The history of the high kick in Asian martial arts is difficult to trace. It appears to be prevalent in all traditional forms of Indochinese kickboxing, but these cannot be traced with any technical detail to pre-modern times. For example, Muay Boran or "ancient boxing" in Thailand was developed under Rama V (r. 1868-1910). While it is known that earlier forms of "boxing" existed during the Ayutthaya Kingdom, the details regarding these techniques are unclear. Some stances that look like low kicks, but not high kicks, are visible in the Shaolin temple frescoes, dated to the 17th century.[citation needed] The Mahabharata (4.13), an Indian epic compiled at some point before the 5th century AD, describes an unarmed hand-to-hand battle, including the sentence "and they gave each other violent kicks" (without providing any further detail).

Applications[edit]

As the human leg is longer and stronger than the arm, kicks are generally used to keep an opponent at a distance, surprise him or her with their range, and inflict substantial damage. On the other hand, stance is very important in any combat system, and any attempt to deliver a kick will necessarily compromise one's stability of stance. The application of kicks is thus a question of the tradeoff between the power that can be delivered vs. the cost incurred to balance. Since combat situations are fluid, understanding this tradeoff and making the appropriate decision to adjust to each moment is key.

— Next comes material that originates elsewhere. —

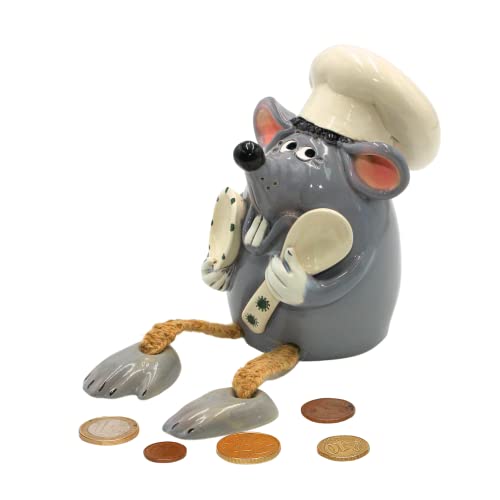 Keramik Sparbüchse/Spardose/Moneybox als Maus mit Kochmütze und Löffel, handgefertigt, ca. 16 cm groß, Kantenhocker von Dekohelden24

Kicks are commonly directed against helpless or downed targets, while for more general self-defense applications, the consensus is that simple kicks aimed at vulnerable targets below the chest may be highly efficient, but should be executed with a degree of care.[citation needed] Self-defense experts, such as author and teacher Marc Macyoung, claim that kicks should be aimed no higher than the waist/stomach. Thus, the fighter should not compromise their balance while delivering a kick, and retract the leg properly to avoid grappling. It is often recommended to build and drill simple combinations that involve attacking different levels of an opponent. A common example would be distracting an opponent's focus via a fake jab, following up with a powerful attack at the opponent's legs and punching.

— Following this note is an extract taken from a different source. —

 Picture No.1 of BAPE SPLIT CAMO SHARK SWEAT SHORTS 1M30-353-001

Further, since low kicks are inherently quicker and harder to see and dodge in general they are often emphasized in a street fight scenario.

Practicality of high kicks[edit]

The utility of high kicks (above chest level) has been debated.[1]

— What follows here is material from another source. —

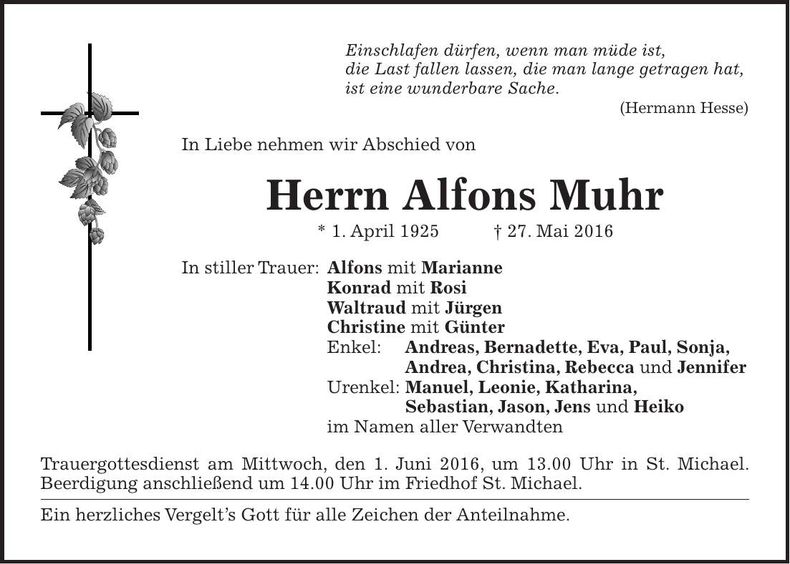 Traueranzeige Alfons Muhr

Proponents have viewed that some high front snap kicks are effective for striking the face or throat, particularly against charging opponents, and flying kicks can be effective to scare off attackers. Martial arts systems that utilize high kicks also emphasize training of very efficient and technically perfected forms of kicks, include recovery techniques in the event of a miss or block, and will employ a wide repertoire of kicks adapted to specific situations.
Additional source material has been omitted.